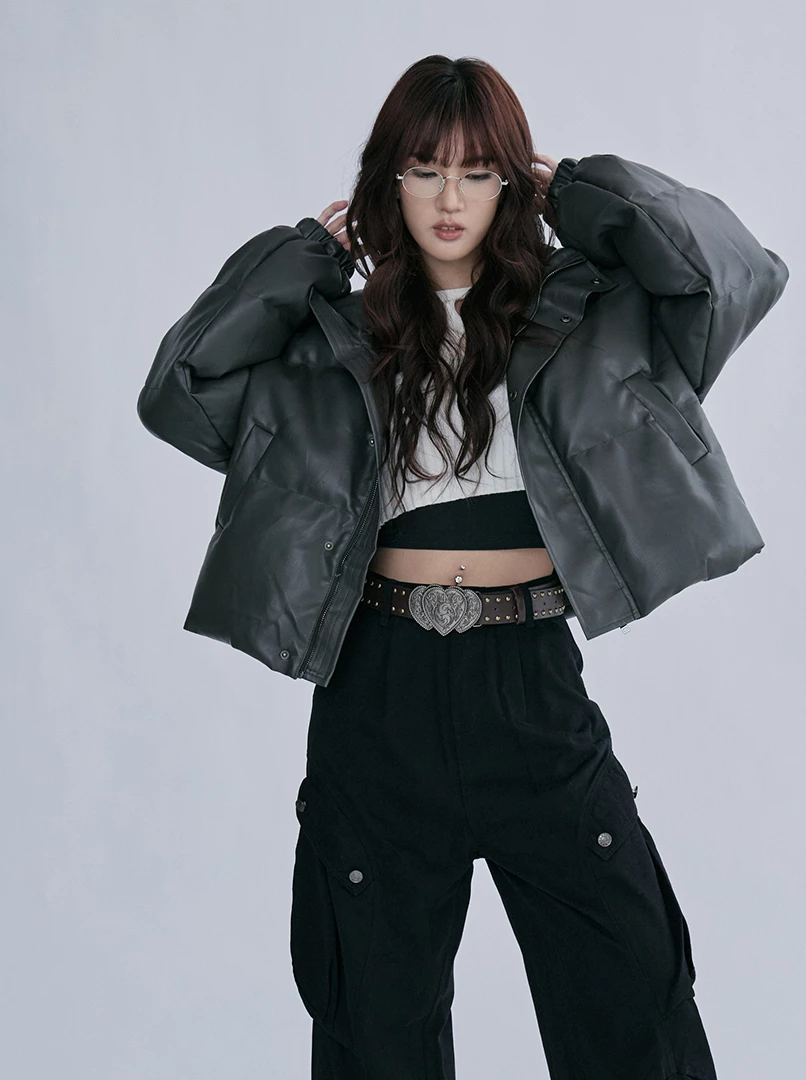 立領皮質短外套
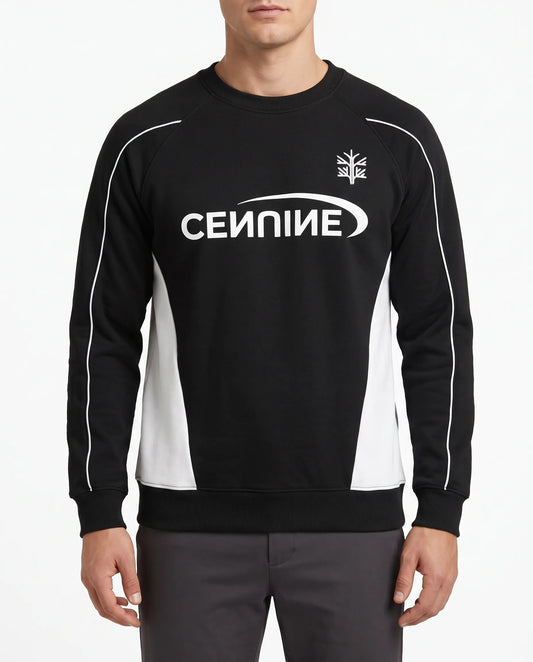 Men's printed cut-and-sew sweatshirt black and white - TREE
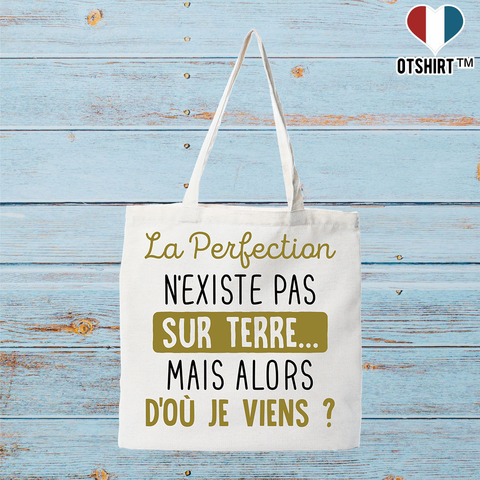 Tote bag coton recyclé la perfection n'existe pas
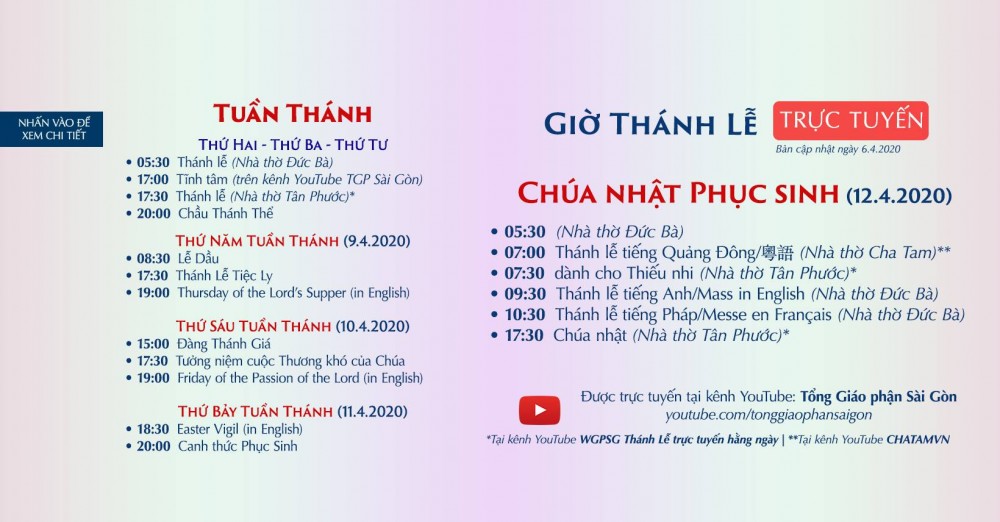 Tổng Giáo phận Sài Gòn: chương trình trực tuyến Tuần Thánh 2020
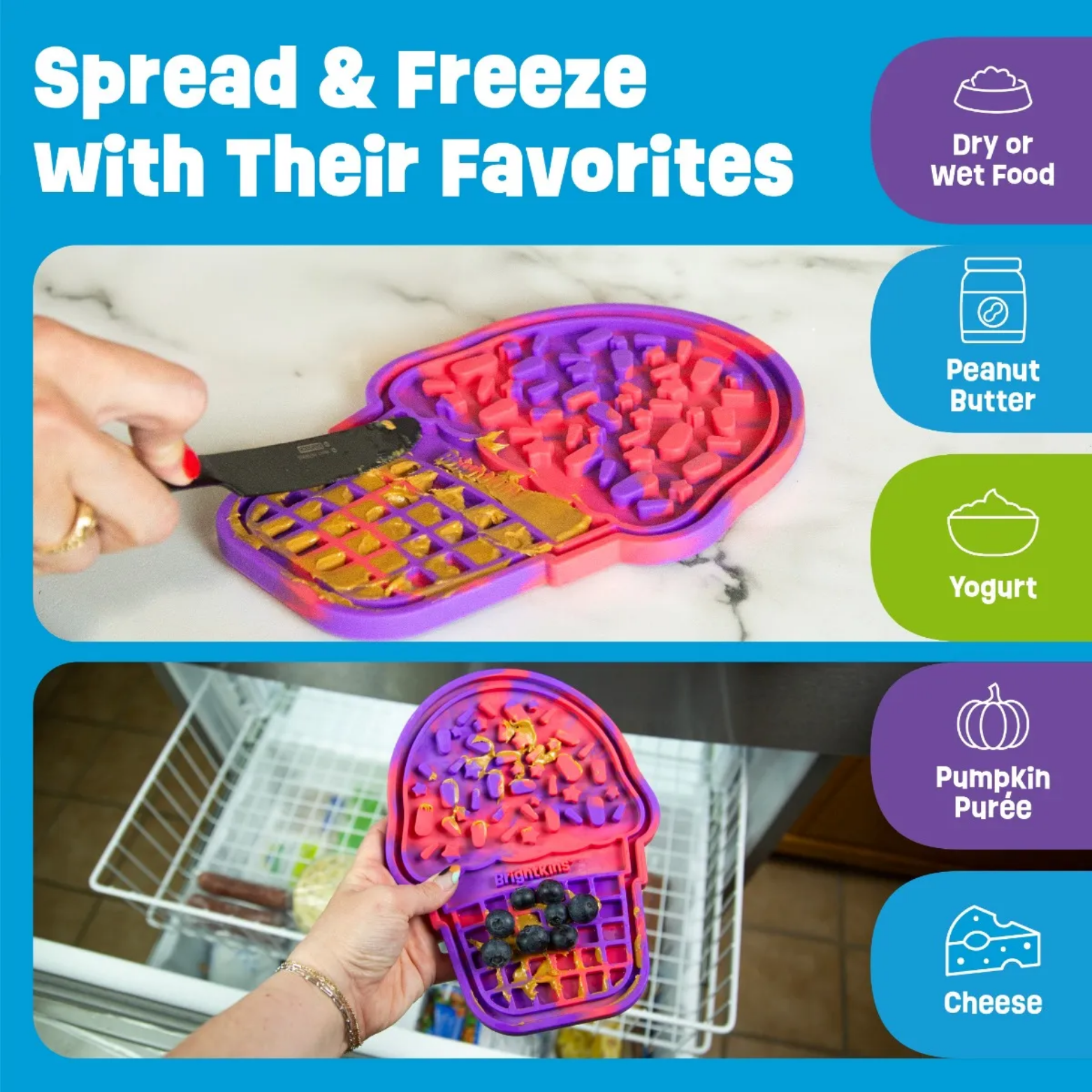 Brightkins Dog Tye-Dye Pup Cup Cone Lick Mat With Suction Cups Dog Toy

• • •

Copy each line above exactly. Images do not belong in the copy.

Your solution |
 立領皮質短外套
 Men's printed cut-and-sew sweatshirt black and white - TREE
 Tote bag coton recyclé la perfection n'existe pas
 Tổng Giáo phận Sài Gòn: chương trình trực tuyến Tuần Thánh 2020
 Brightkins Dog Tye-Dye Pup Cup Cone Lick Mat With Suction Cups Dog Toy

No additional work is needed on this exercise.